Recorded information:
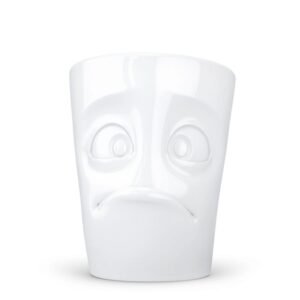 MUG 350 ML - PERPLEX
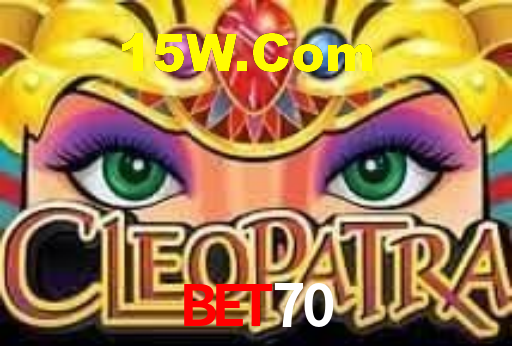 Bet70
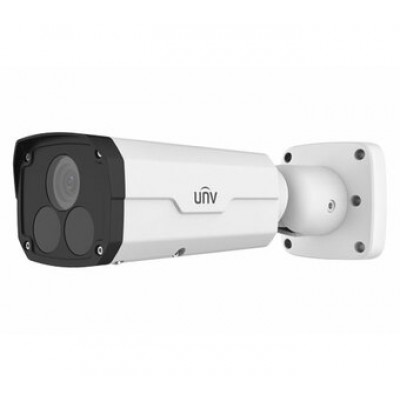 IP-камера UNIVIEW IPC2222EBR5-HDUPF60 IP-камера UNIVIEW IPC2222EBR5-HDUPF60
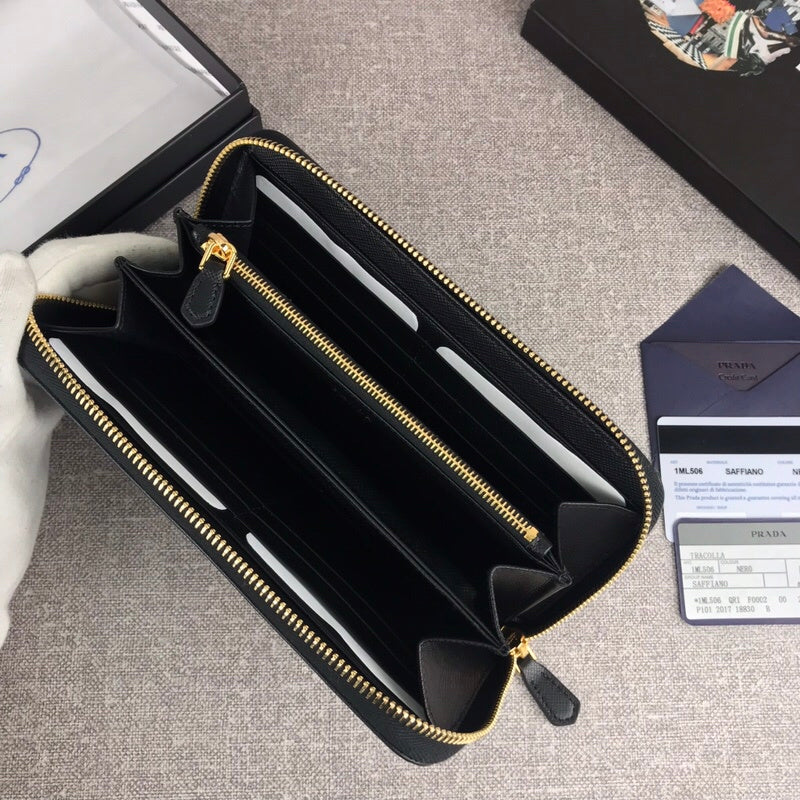 Oz - Fei Bags - 572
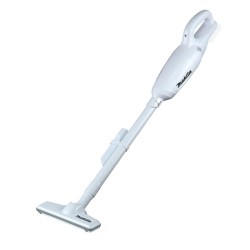 ASPIRADOR DE PÓ PORTÁTIL MAKITA - CL106FDZW
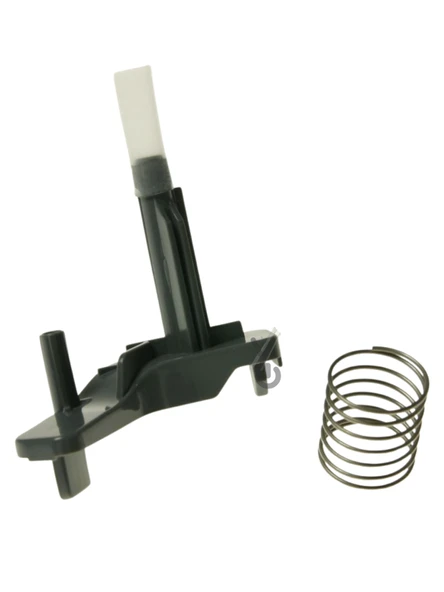 Kenwood - Khh300Wh Interlock Shaft, Sprıng & Draın - Resim 2
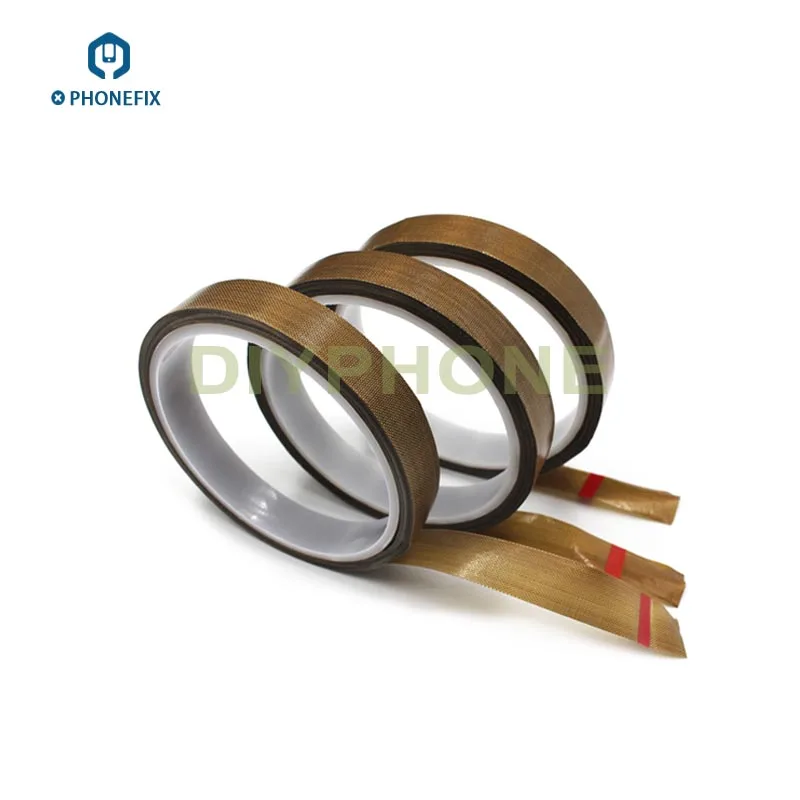 High_Temperature_Resistant_Tape_for_Electronic_BGA_PCB_1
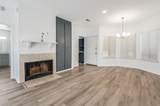 5550 Spring Valley Road - Photo 7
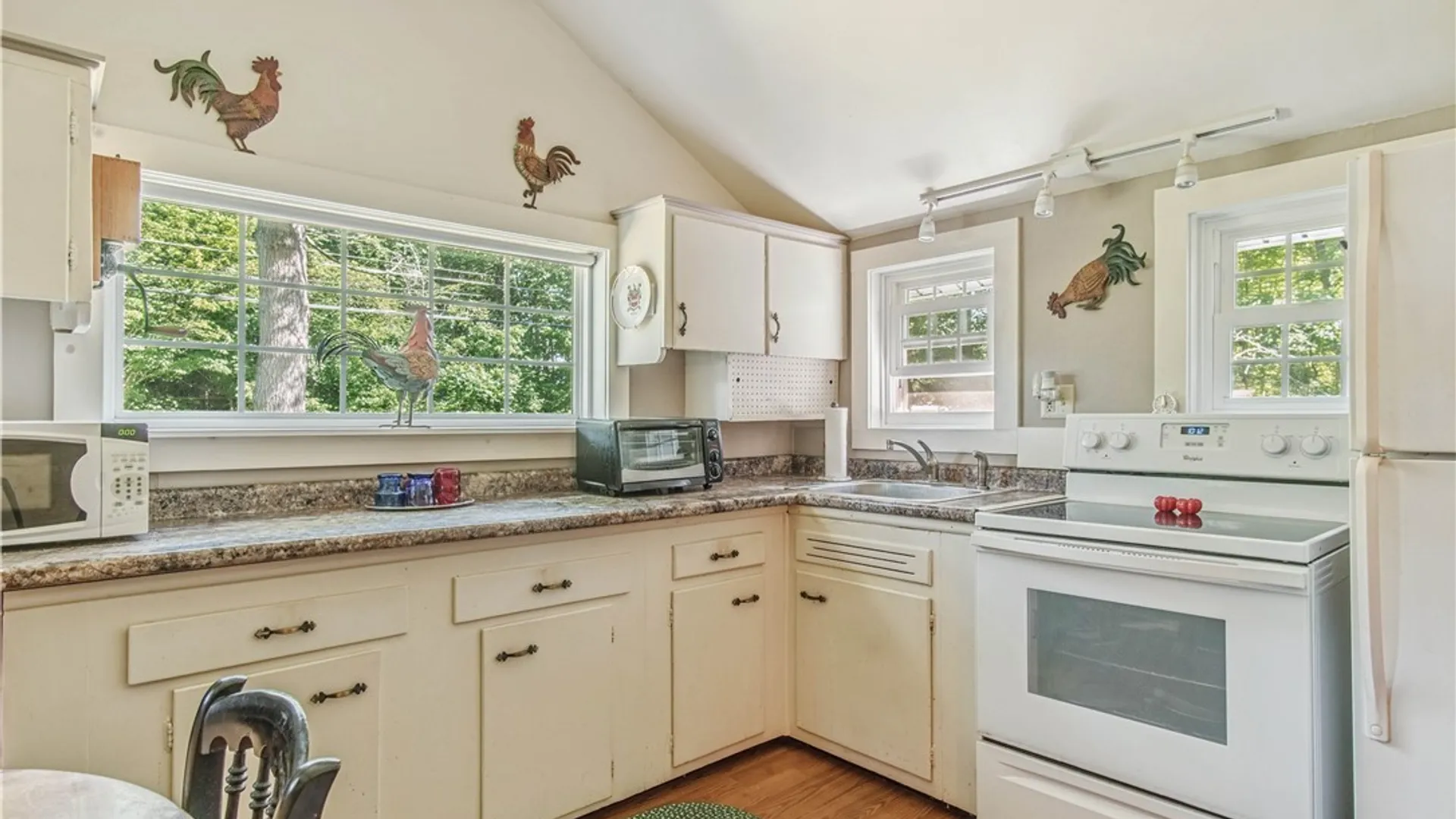 Property at 38152 State Route 12e, Clayton, NY 13624 11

Task instructions:
Your answer must be exactly the lines from the one with "ASPIRADOR DE PÓ PORTÁTIL MAKITA - CL106FDZW" through the last line of the entries, both included, with no pictures; please add nothing else.

Exercise solution:
 ASPIRADOR DE PÓ PORTÁTIL MAKITA - CL106FDZW
 Kenwood - Khh300Wh Interlock Shaft, Sprıng & Draın - Resim 2
 High_Temperature_Resistant_Tape_for_Electronic_BGA_PCB_1
 5550 Spring Valley Road - Photo 7
 Property at 38152 State Route 12e, Clayton, NY 13624 11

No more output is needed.